[Material provided Boundary: Start]

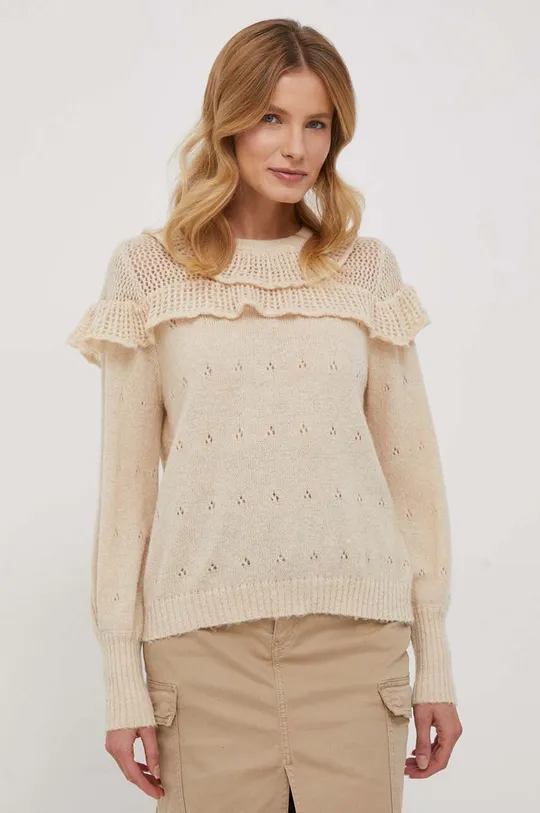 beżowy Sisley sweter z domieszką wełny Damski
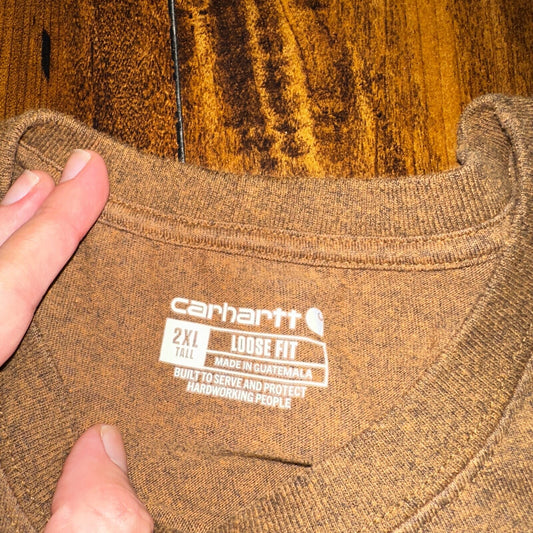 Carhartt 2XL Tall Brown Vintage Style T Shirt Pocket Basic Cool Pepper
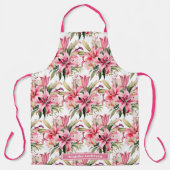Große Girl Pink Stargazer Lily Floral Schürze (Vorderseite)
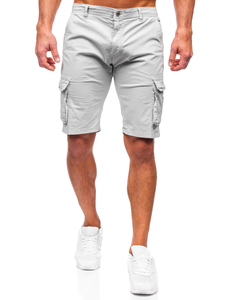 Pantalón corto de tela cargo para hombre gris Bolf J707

[Material provided Boundary: End]

Transcribe every line of the listing above exactly; skip the pictures.

### The answer
 beżowy Sisley sweter z domieszką wełny Damski
 Carhartt 2XL Tall Brown Vintage Style T Shirt Pocket Basic Cool Pepper
Große Girl Pink Stargazer Lily Floral Schürze (Vorderseite)
 Pantalón corto de tela cargo para hombre gris Bolf J707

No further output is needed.